I have been told I share too much.
I am who I am.
I would rather be honest with who I am than maintain a charade and dance this odd dance we are all perpetually doing where we pretend to be neutral or unbiased in the public space and hide our real selves for behind our house walls.
Still I do hide really. In public I am not always who I appear to be…I am less introverted in public because I need to be.
I have come to believe I am a natural extrovert who, through childhood experience was made an introvert…over time that extrovert had emerged a bit at a time.
At this stage I like large groups of people more than small groups and way more than one-on-one. You can get lost in the large group. You can find anonymity there.
I like to be around people…I don’t necessarily want to talk to them.
I have few friends and they are good ones. I’m not good at lots of friends although I envy people who are.
Even as a parent, a brother, a son and a partner I struggle with closeness…it’s all there inside, a great and deep abiding love, but it comes out cold, aloof and distant…as if it had to travel a great distance to reach its destination and has emerged weary and ragged from the journey.
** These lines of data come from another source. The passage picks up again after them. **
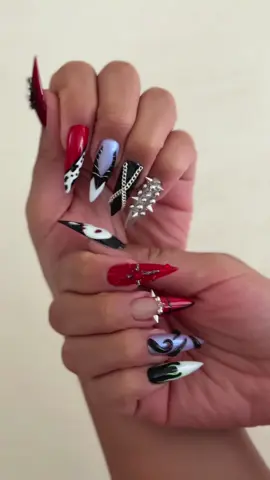 New Nails: Disney Villains by @NinjaNailz__ #Ursula #cruella #evilqueen #maleficent @Disney Style @Disney Parks #disneynails 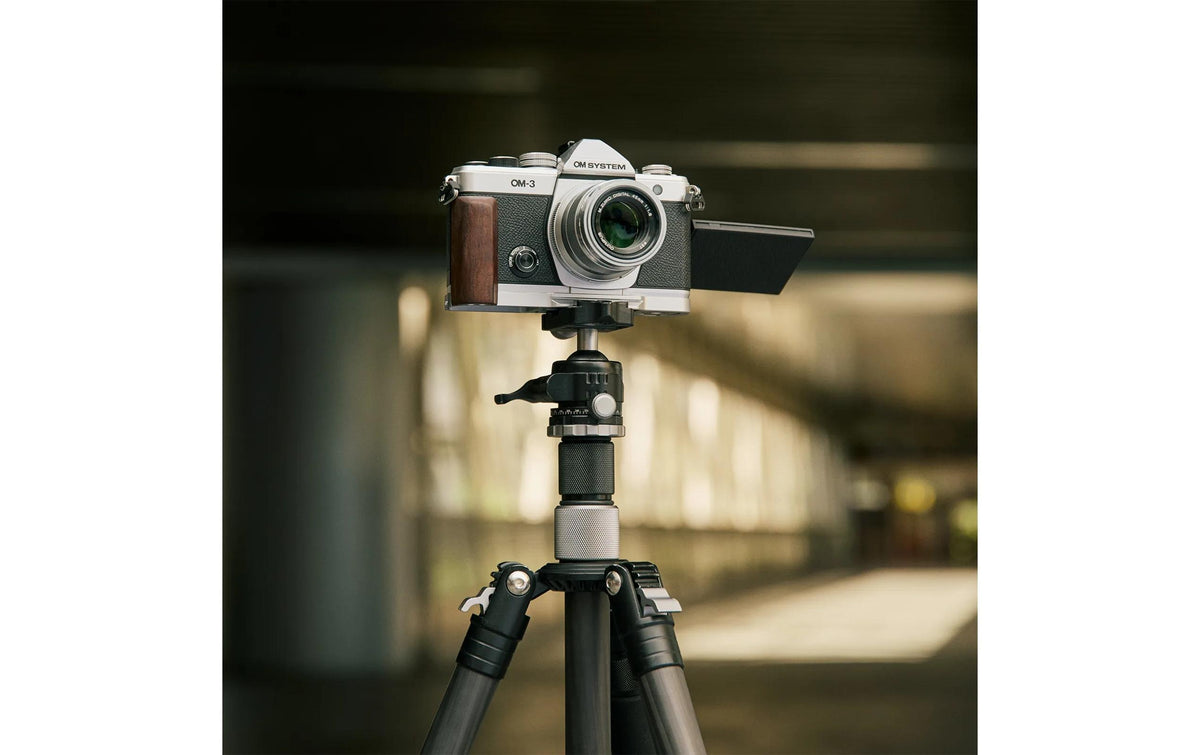 SmallRig 5563 Montageplatte – 59 × 49 × 140,3 mm – für OM SYSTEM OM-3 – Holz
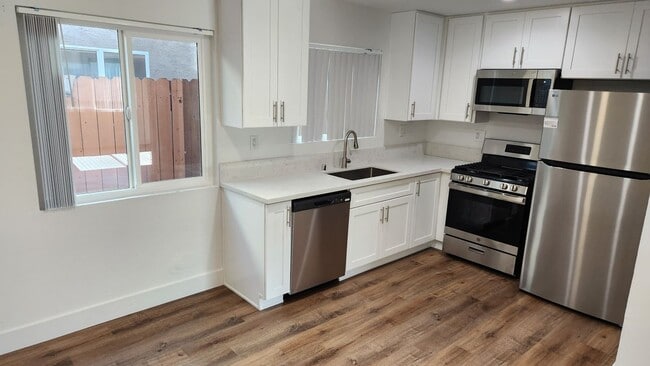 Building Photo - 988 El Camino Dr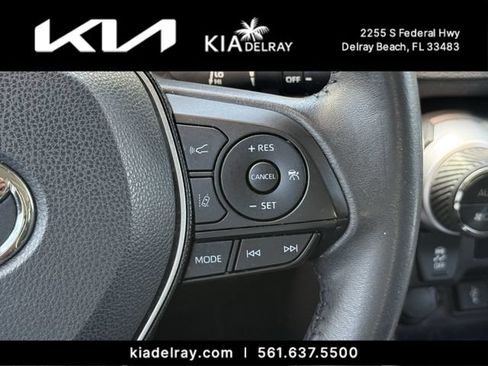 Used 2021 Toyota RAV4 XLE Premium FWD image 29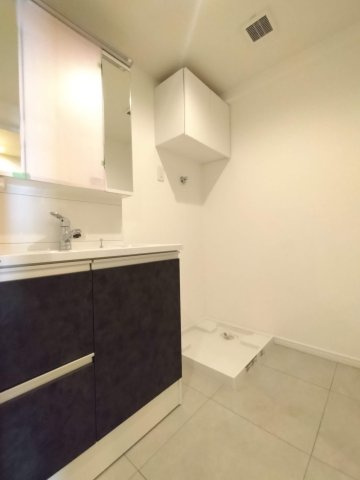 弘明寺ニューフラワーマンションの独立洗面台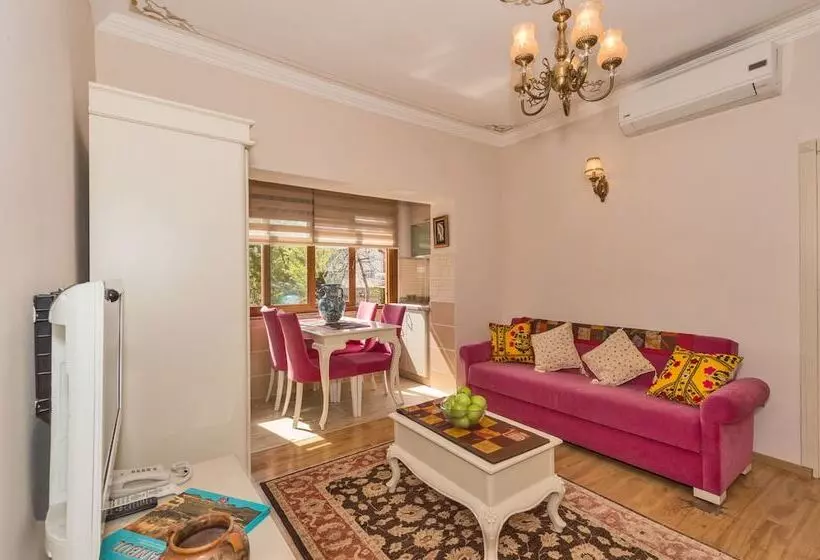 Hotelli Istanbul Garden Suite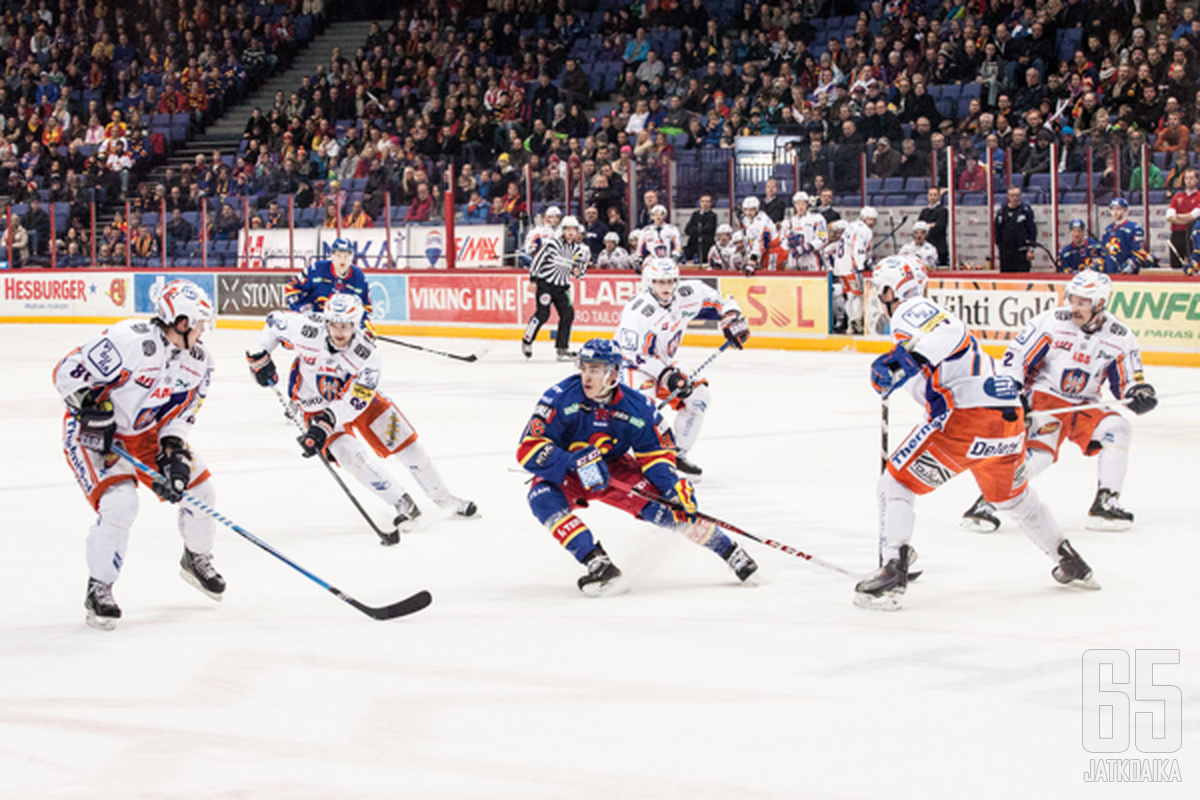 Tapparan hyvä viisikkopeli sai ajoittain Jokerit erittäin ahtaalle.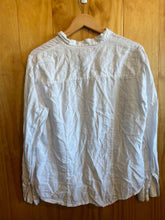 Load image into Gallery viewer, Size 18 Baird McNutt White Women&#39;s Long Sleeve Shirt
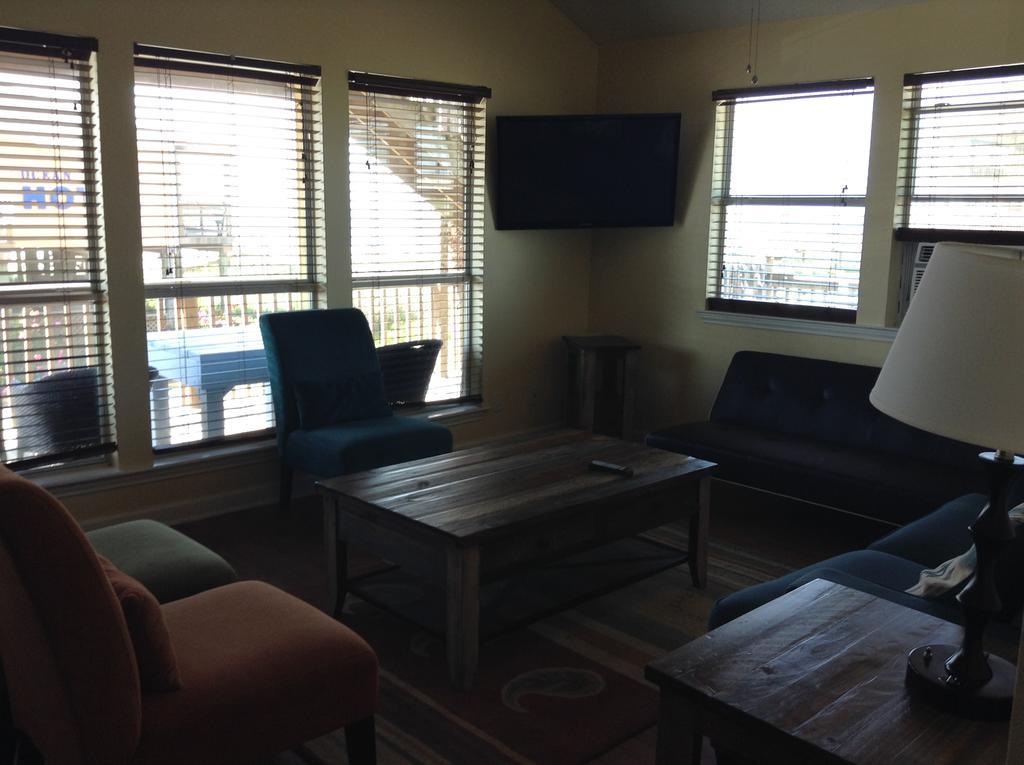 Ocean Village Hotel Surfside Beach Esterno foto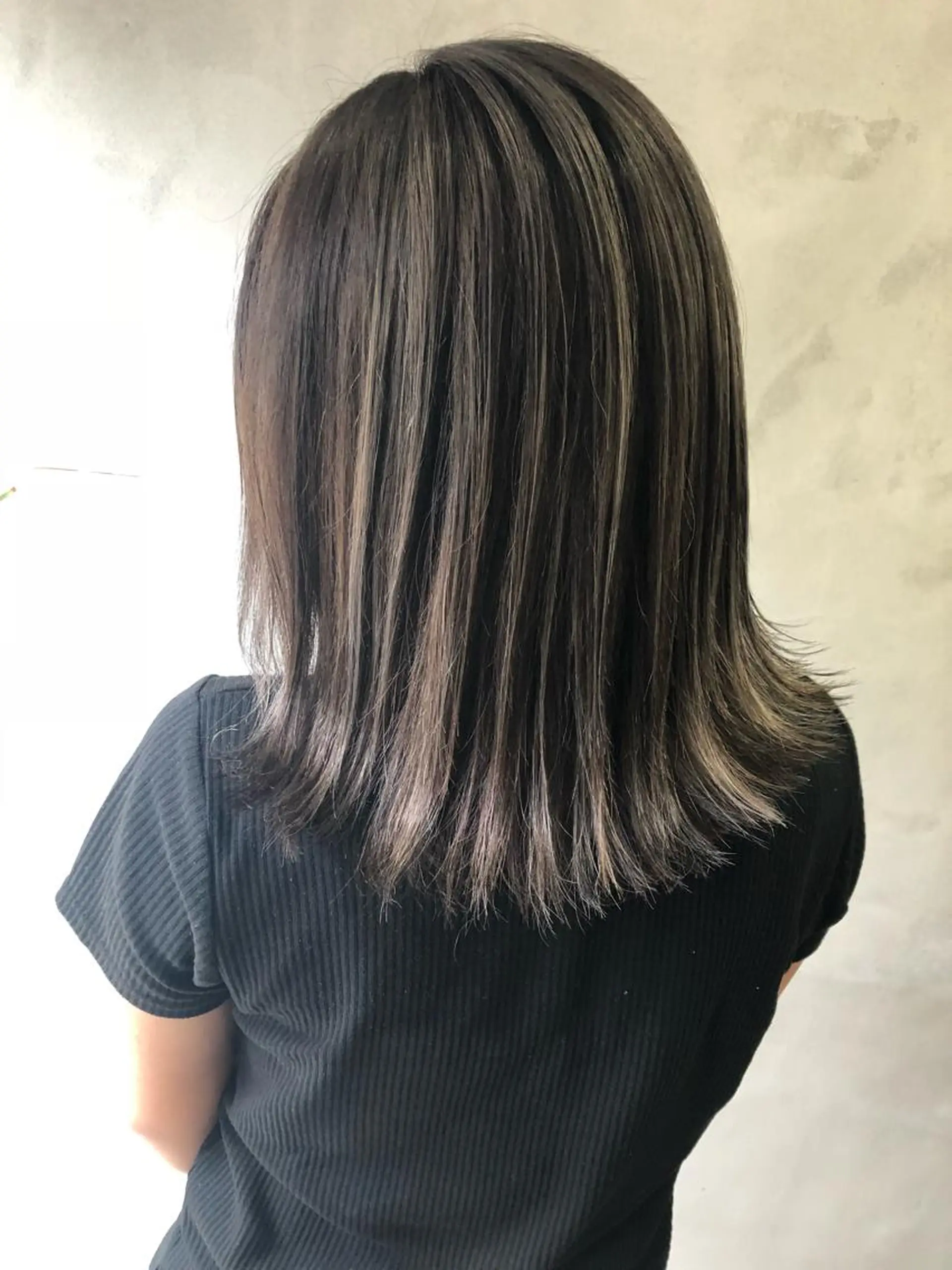 ミディアム カラー バレイヤージュ ハイライトカラー ハイライト レイヤーカット 外ハネヘア Le Lien カジのヘアスタイル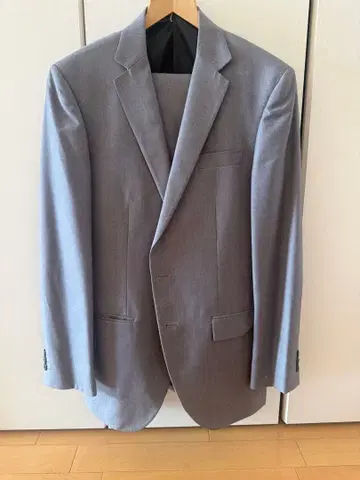 그레이 비즈니스 정장 자켓과 팬츠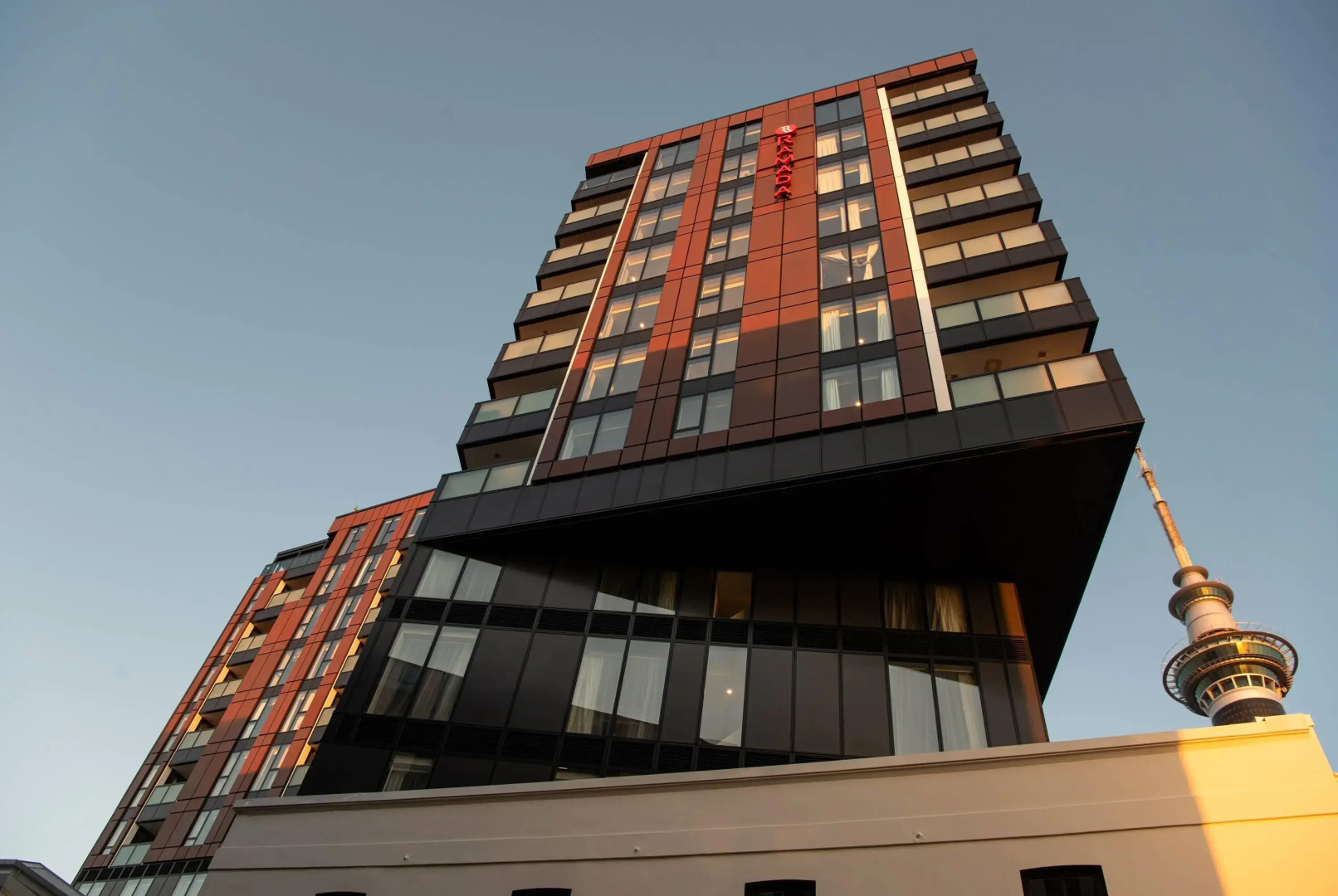 Foto - Ramada Suites By Wyndham Victoria Street West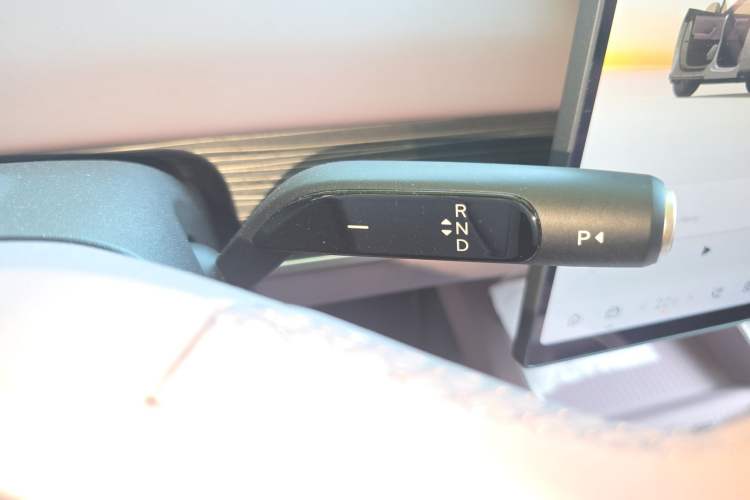 Used ONVO L60 2024 60 kWh Rear-Drive Version Gear Lever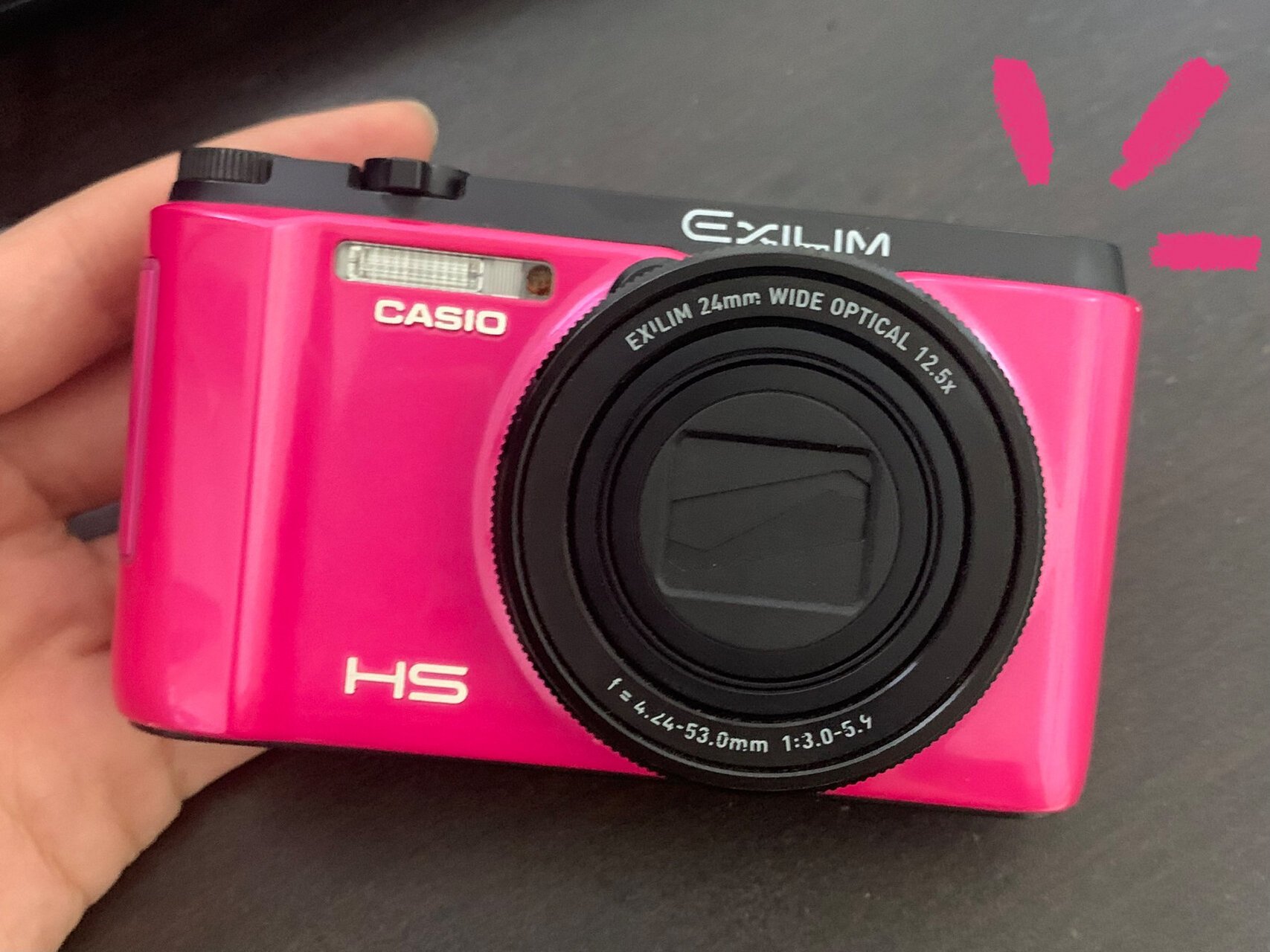 卡西欧相机zr120091有手就能拍 用了五六年了最近两年一直在角落吃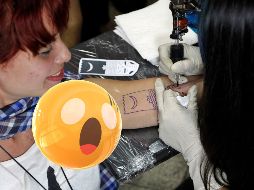 Si estás pensando en hacerte un tatuaje, considera las siguientes recomendaciones para sobrellevar el dolor durante este proceso. EFE / ARCHIVO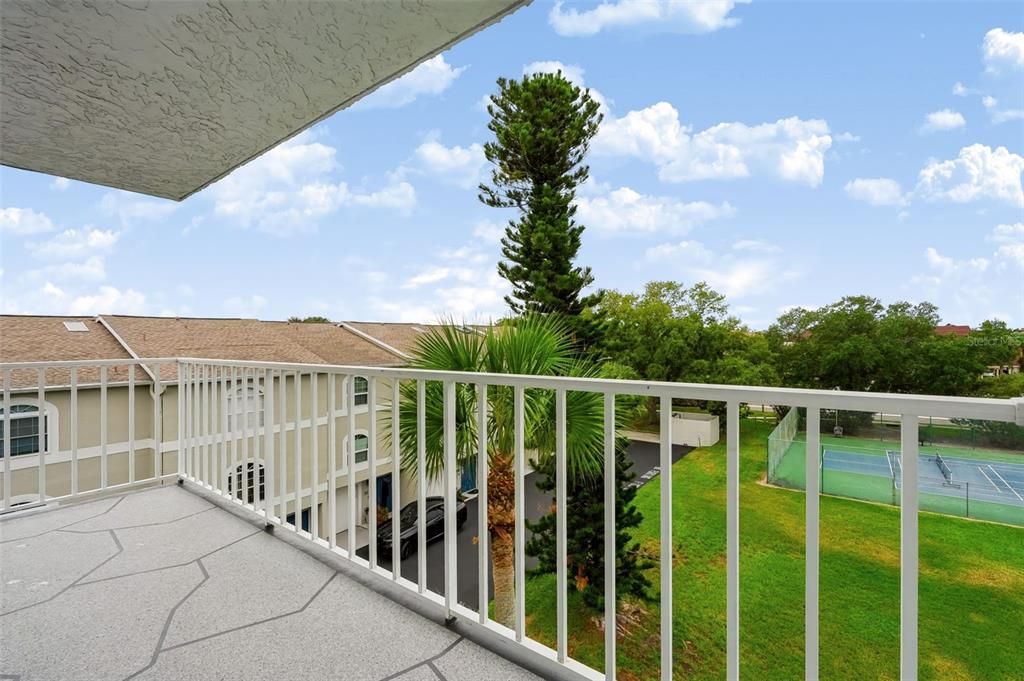 For Sale: $350,000 (2 beds, 2 baths, 1110 Square Feet)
I feel I can be a walking contradiction – I have a thin skin covered in the illusion of armour; I crave approval and so run from it; I can be filled with anger and black hate and so seek peace with all my strength; I am terrified all of the time and so I become fearless.
I do not understand myself…if I could play any role in a Shakespearean drama I would want the fool but in so wanting it I would end up with Lear or Macbeth.
Sometimes I miss me. I miss the me that was before the world leaked in like so much radiation mutating me into something other than what I might have been.
Yet for all that mopiness I am happy…another contradiction.